# [Problem description]
Print exactly what appears from the line containing "Moderne Wohnung in" through the final line of the data below, pictures excluded.

# [Data shown]

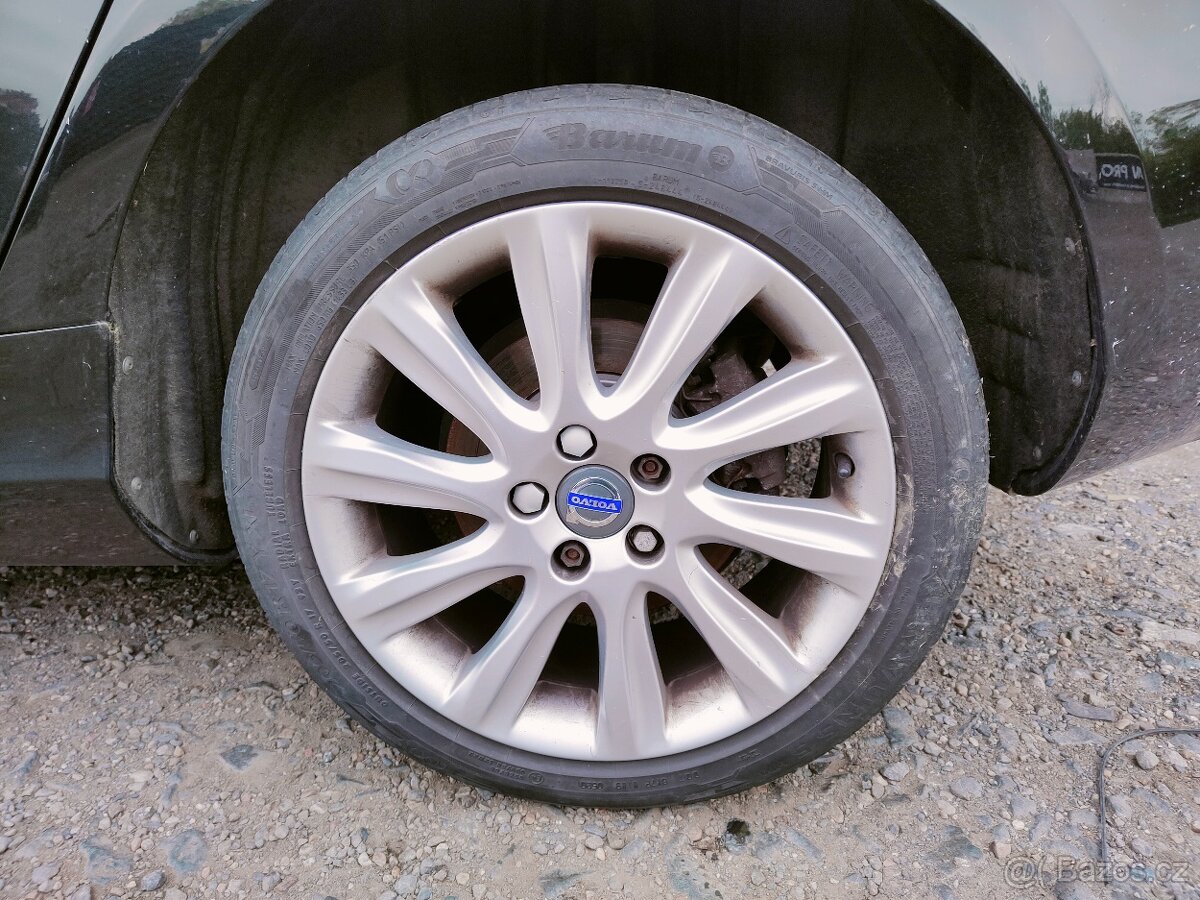 Volvo V40 2,0 D4 VEA 140kw - Náhradní díly - 5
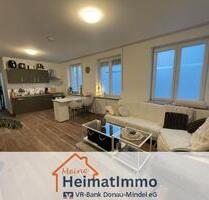 Moderne Wohnung in zentraler Lage von Ichenhausen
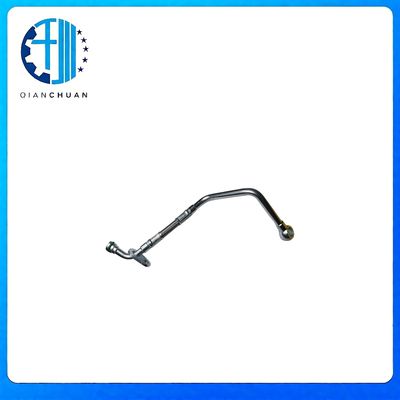 Genuine 368-8559 Turbocharger Oil Line for Caterpillar C6.6 C7.1 Engine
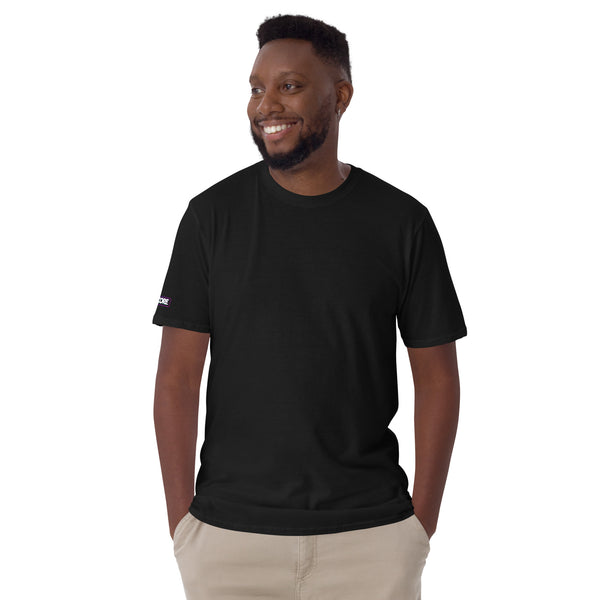 T-Shirt | AFTER LANDING — LIMITED EDITION: CODE X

# [Exercise answer]
 Moderne Wohnung in zentraler Lage von Ichenhausen
 Genuine 368-8559 Turbocharger Oil Line for Caterpillar C6.6 C7.1 Engine
 T-Shirt | AFTER LANDING — LIMITED EDITION: CODE X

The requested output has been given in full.